Now that I've got that out of the way... I'm pretty sure I'll finish this semester with a 3.25 of a 3.5 GPA. The 3.5 is POSSIBLE, but VERY VERY VERY unlikely.. I have to do EXCEPTIONALLY WELL on my chemistry final to manage a high B so my teacher will curve me up to an A. That'll get me my second A for the semester and bring my GPA to a 3.5. Good luck to me!

Moving on... Today I got back from a little day vacation with Jeremiah to Barona. It was nice. We went gambling on the casino's dime and went home with $600. We started with $100 in comp cash to Jeremiah, so the money was all his; but he gave me $100 of the winnings when we left since I gambled with it too and helped with that $600 he walked out with. That and he owed me fifty bucks. Heh. Anyway, we went the day before, got a comped hotel room, comped buffet dinner, comped gambling money. The only thing either of us spent money on was gas to get there and back; and considering how much we went home with, I'm not complaining.

So, I'm listening to this video on youtube by the Piano Guys, they're quite amazing. I'm currently listening to their version of "Bring him Home" from Les Misérables... It's beautiful.


Onward.. I guess I don't really have much to talk about... While we were on our little day vacation I must have eaten something I shouldn't have because my stomach started hurting and I didn't feel well for a few hours, which made me feel even worse that my poor mood was bringing Jeremiah down... I really really hate it when something beyond my control happens, but it doesn't just effect me negatively, but in turn effects Jeremiah. I just end up feeling worse because of the guilt.


Once the semester's over, I'm debating what I want to do.. I'm pretty sure I'm going to try to pick up a second job that I can work in the evenings, so long as it doesn't effect my availability of my primary animal care job. Maybe I can get a second animal care job for the evenings, that will be difficult, but it's not impossible. Maybe even just a job delivering pizzas, if I went with that, I could listen to books on tape in my car, I just wonder if the pay will be worth the wear and tear on my car...
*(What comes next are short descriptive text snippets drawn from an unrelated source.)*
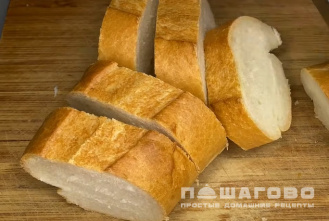 Фото приготовления рецепта: Сыр с сухариками в духовке - шаг 2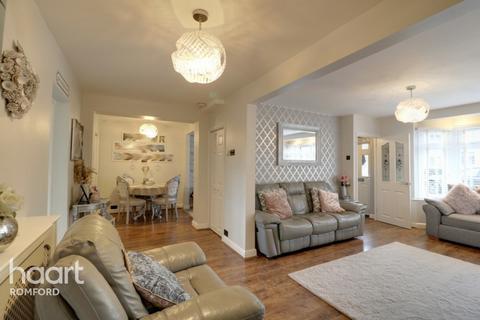 11 Ramsden Drive, Collier Row, Romford, RM5 2NJ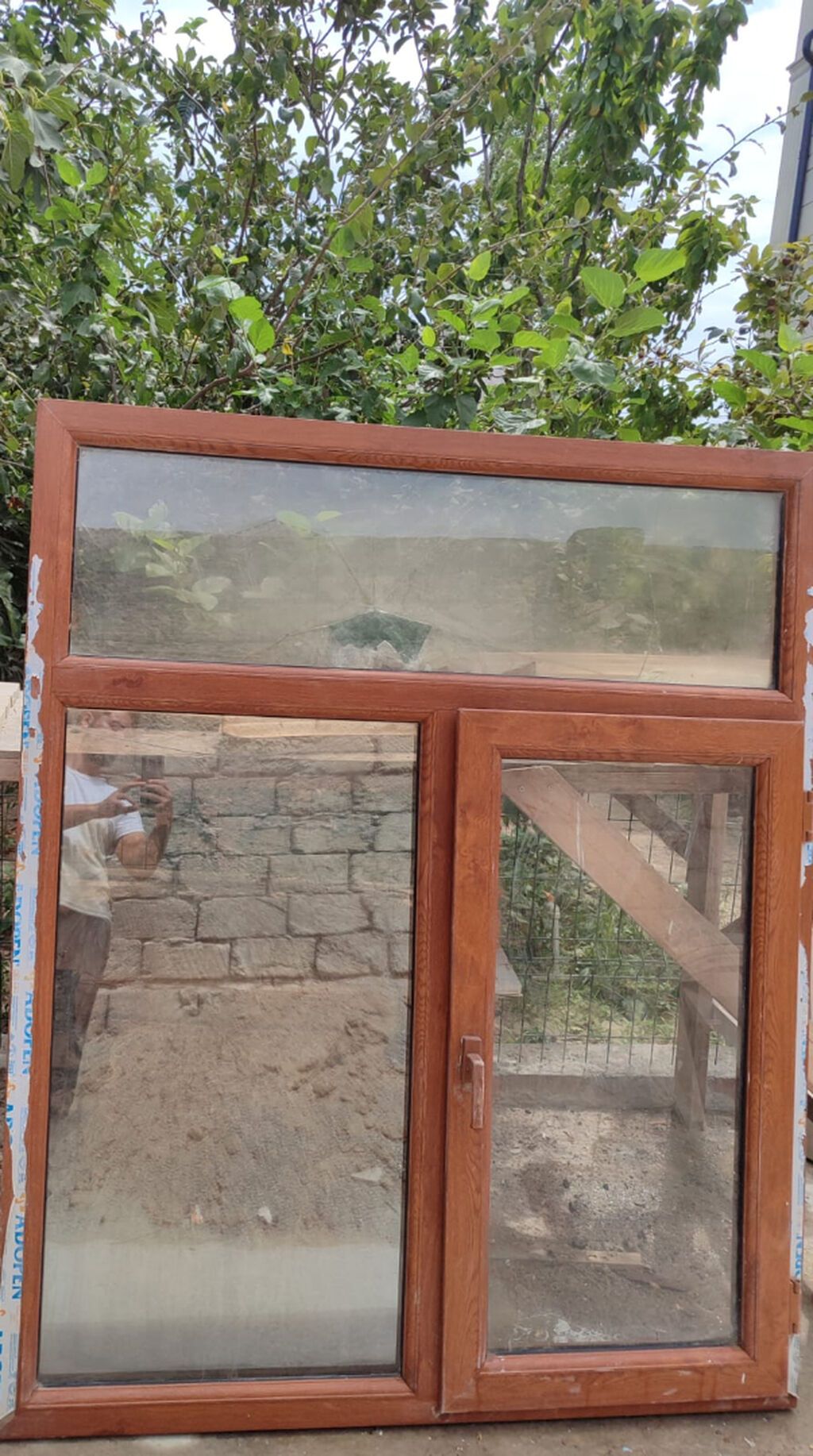 Pencere satilir Endirim olacaq HAVAYI verirem 70 azn Islenmisdi — Mallar, Bakı (2)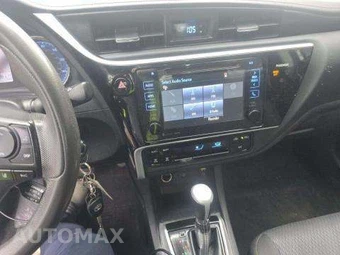 2017 Toyota Corolla LE Sedan - miniatura 10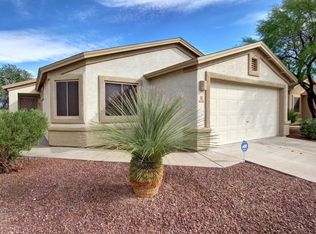 8233 S Bainbridge Rd, Tucson, AZ 85747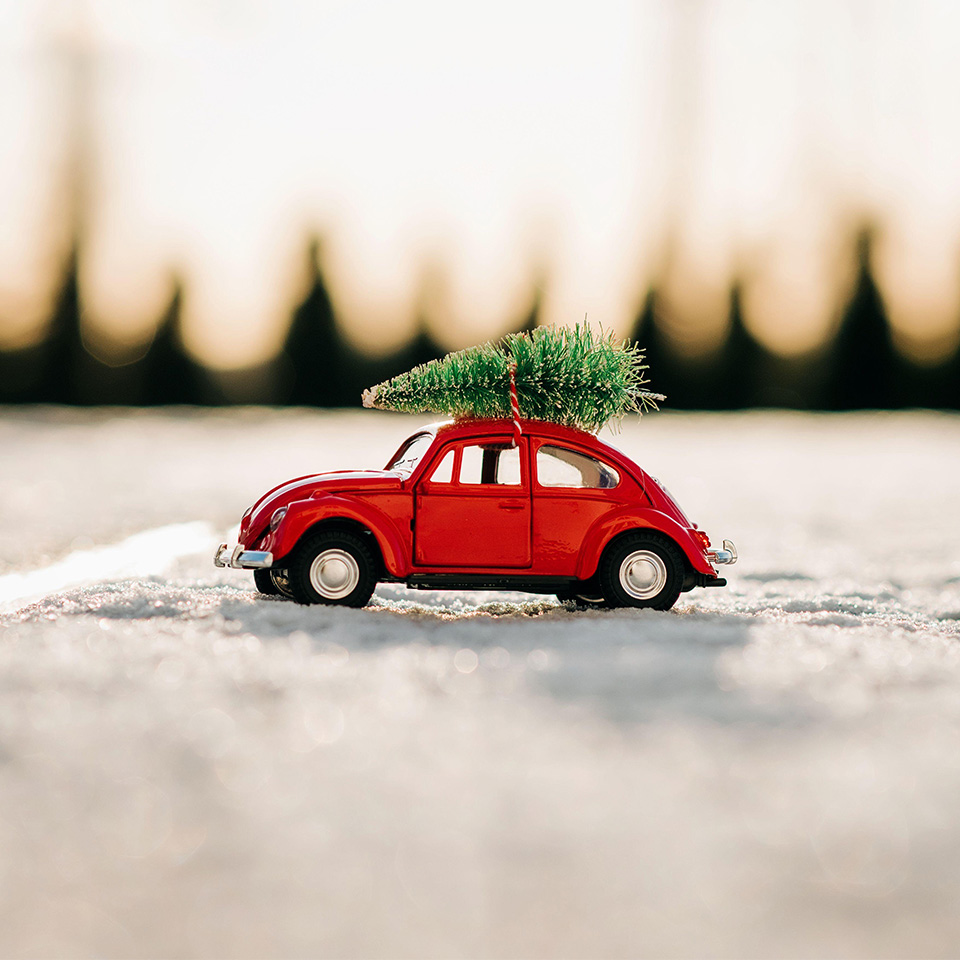 2AF3NB1 - mini beetle car with Christmas tree on top parked in the snow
I keep getting distracted from writing, and now it's 11:15 at night. I went off onto craigslist and started looking up available night jobs. I'll probably start donating blood and stuff too, because you get paid like.. 20 bucks each time you do it. You can donate plasma twice in seven days, but blood only once every 8 weeks.. Either way, that's an extra 40 bucks a week I could be making just from plasma, if I did it twice a week every week. That's 160 bucks a month of extra money. I wonder if you have to report that money on taxes, or if it's over the counter... Hmm.. Either way, my focus for the next month (once class ends) is to make as much money as I can. Gonna be having a garage sale soon too.


It's funny, my blog is called "Zombies, dogs, and stuff" and I haven't talked about zombies or dogs really.. Heh... Well, tomorrow is pictures with santa for the dogs! We'll have pics of Athena and Koi with santa! :D This isn't really working for trying to make myself sleepy.. At all.... Gah! That's frustrating! Ok ok so what's on my mind.. Money.. I need to make more of it. Before that, study for finals. Pretty straight forward December if you ask me. I hate being motivate to do one thing, and it's the second step of the plan. I'm motivated to make money NOW but I have to finish out the semester FIRST. Blah. Isn't it frustrating how motivation work that way? It's funny, despite how much I love video games, I haven't played any in months. I played a LITTLE of Skyrim and less of Dead Island, which sucks, I love achievement hunting and life's been WAY too busy for it. At least I can prioritize my school over my games, hahaha.


Either way... I'm going to TRY to get some sleep now... Goodnight!